Primary operating expenses in Q2 comprised food and cat sitting services, due to the aforementioned CEO trips. Food products were diversified by trying out some high quality, grain-free dry food that could safely be left in the aforementioned timer-released dish (as leaving out wet food for 12 hours didn’t seem like a good idea). Dry food will be reserved for only such times as food needs to be left out in the new dish, much to the dismay of the cats, who lose their little kitty minds over this crunchy food. They have informed management that they will be consulting with their union rep on this matter.
Expenses lumped together in the “supplies” category the Q1 report were broken down into the more precise categories of “food,” “litter”, and “equipment”1, as the accountant felt guilty about her lazy accounting. See Figure 1 for a breakdown of expenses by category for the first half of FY2014 (i.e., both Q1 and Q2).
Developments at Snow Industries
In keeping with our luxury brand, Snow Industries relocated headquarters from rented space to owned space in a prime sub-penthouse location. The expense of this purchase was not included in the financials above because (a) the total would overwhelm all other expenses, making the graphs much less interesting to look at, and (b) the accountant is far too lazy to do the amortization calculations.

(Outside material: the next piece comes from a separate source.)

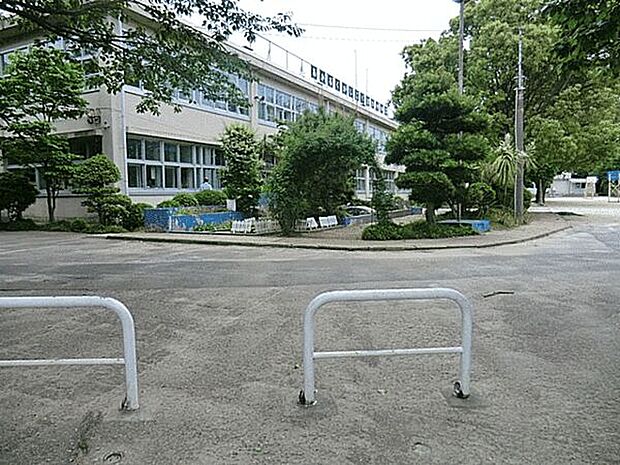 鎌ケ谷市立北部小学校(約2,078m)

The process of moving provided significant excitement for CATpital investment Watson and CATpital investment Crick, mostly in the form of boxes, but also in the form of lying on the moving blanket that the movers accidentally left behind. See Figures 2 to 14.
Another highlight of Q2 was a visit from Grandma and Great Auntie Eileen, who spoiled the kitties with love and toys. Toys, I might add, that the kitties completely ignored until Grandma and Great Auntie Eileen went home, at which point they started playing with them. Especially at night. Especially the ones with bells in them.

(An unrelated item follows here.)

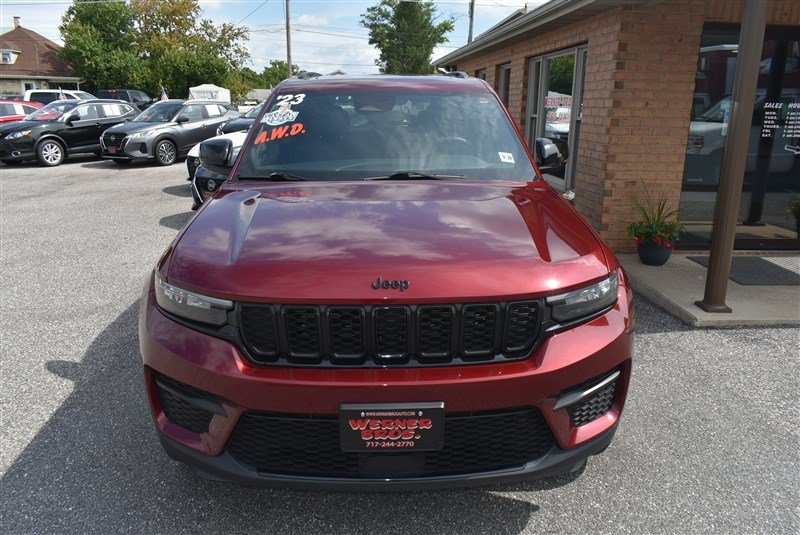 Used 2023 Jeep Grand Cherokee Altitude AWD/4WD image 7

The teeth-related risk described in the Q1 report came to fruition with the destruction of a perfectly good, brand new pair of headphones (see Figure 15). Though security footage from headquarters did not reveal the culprit, the Security Department has their suspicions as to who was at fault. To avoid future property damage, it has been suggested that perhaps the CEO shouldn’t leave her headphones with their delicious looking cord poking out of her purse on the counter where a curious kitty might go looking.
The Marketing Department has been prototype testing a variety of cat nicknames, mostly because that’s what happens when you live alone with only cats to talk to. Some nicknames are generally applied to both cats equally (e.g., Muffin, Munchkin, Destructo-Kitty), whereas some are specific to a given cat (For Watson, they include but are not limited to: Dr. Watson, Big W, Watskipoo, Brother Cat, Kitchen Cat2; for Crick, they include but are not limited to Dr. Crick, Cricky, Crickskipoo, Crickerella, Sister Cat, Office Cat3. Future testing of cat nicknames is required to determine the best fit with Snow Industries overall branding strategy.
Return on Investment
ROI, in the form of cuddles, cuteness, and love, continues to be strong through Q2. The Finance Department remains baffled as to how to appropriately monetize these returns, as numbers big enough to represent the return do not appear to exist. Forecasts continue to anticipate ongoing positive returns for the foreseeable future.